Je boirai sur et par ton corps
le sang blanc de ta jeunesse
dans le mot, j’immortaliserai ce rite.
Abandonne-moi tes lèvres
laisse sur ton corps sous ma main
t’introduire à l’extase.
Ne dit pas non trop vite
le bonheur est le plaisir
le plaisir serait
mes mains, mes lèvres
sur ta courte verge.
Ma poésie se cueille
sur les lèvres d’un garçon.
L’assistance sidérée écouta en silence parfait. Elle était tout à fait muette, ce qui me faisait de plus en plus peur, jusqu’à ce que j’entende crier dans un coin un petit mot : Bravo !
Cette soirée et la publication de Re-jean m’embarquaient de plein pied dans la vie littéraire de la région.
À cette époque, j’étais encore boudé par le groupe de Gaétan Dostie qui réclamait une poésie plus substantielle. Pour nous, les Gaston Gouin, Gaétan Dostie et Jocelyn Fournier étaient les grands maîtres. Il était naturel qu’ils ne m’accordent pas leur attention. Il suffisait d’être écouté pour être complètement flatté.
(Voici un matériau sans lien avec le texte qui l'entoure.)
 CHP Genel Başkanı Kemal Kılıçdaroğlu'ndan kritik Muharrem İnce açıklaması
Contrairement, à ce que j’avais cru, ce sont les femmes qui acceptèrent le mieux mon ouverture et ma sincérité. Ce qui donna lieu à des discussions à n’en plus finir et des amitiés tout aussi longues.
La publication de Re-jean fut bien accueillie partout au début. On ignorait que c’était une lettre d’amour pour un vrai Réjean.
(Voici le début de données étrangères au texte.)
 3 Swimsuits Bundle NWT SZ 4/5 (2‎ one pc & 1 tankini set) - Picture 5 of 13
Toutes les copies furent vendues et le texte a même servi dans quelques classes de littérature de la région. Mais, j’ai dû quitter bientôt les Auteurs réunis.
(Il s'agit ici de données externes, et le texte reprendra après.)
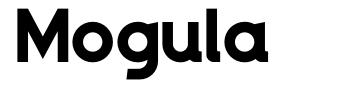 Mogula 字形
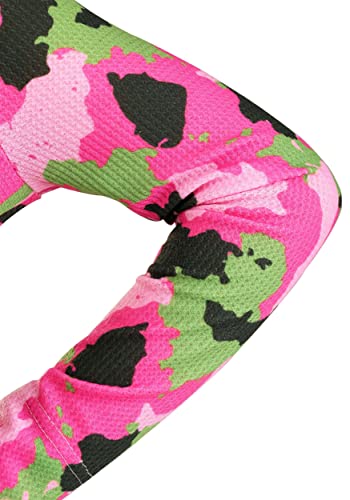 Disfraz de niña ejército rosa camuflado conjunto miniatura 6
Presque personne n’avait pris connaissance du contenu, faisant confiance à Jean-Pierre Labbé, qui était au centre des publications. Alors, quand on découvrit que le texte pouvait être interprété autrement que selon la morale, on ne tarda pas à vouloir ma peau.
Comment expliquer aux autorités du petit séminaire qu’un texte amourajeux ait été retenu, aussi poétique fut-il ? Mais, il fallait l’avoir lu attentivement pour déceler cette réalité amourajeuse. Il n’y avait qu’une solution : se dissocier immédiatement de la racine de ce scandale, c’est -à-dire de moi. Et, c’est ainsi, que de loin, j’ai peut-être hanté les dortoirs et les toilettes du petit séminaire alors que de belles petites brebis, songeant à autant de tendresse et d’amour, branlaient l’arbre à la racine pour y laisser se perdre la semence pour laquelle j’aurais bien sacrifié une partie de ma vie.
Je n’étais pas du genre à désespérer. Avec d’autres membres et poètes, j’ai commencé à mettre sur pied des soirées de poésie au parc Jacques Cartier.
Plus tard nous nous rendions dans les villes de la région, donner des récitals de poésie. Aie-je eu espoir qu’un jour ces poèmes me permettent de vivre une aventure avec un des petits auditeurs ? Sûrement. Je ne suis pas si fou. Par ailleurs, ceux qui venaient nous écouter étaient tous des adultes, aimant la littérature. Très rare sont lesjeunes qui courent les récitals de poésie.
Donc, ceux qui à un moment donné se sont excités et ont réclamé ma tête, souffraient d’un manque absolu de respect du droit d’être ce que tu es, s’il n’y a pas de violence.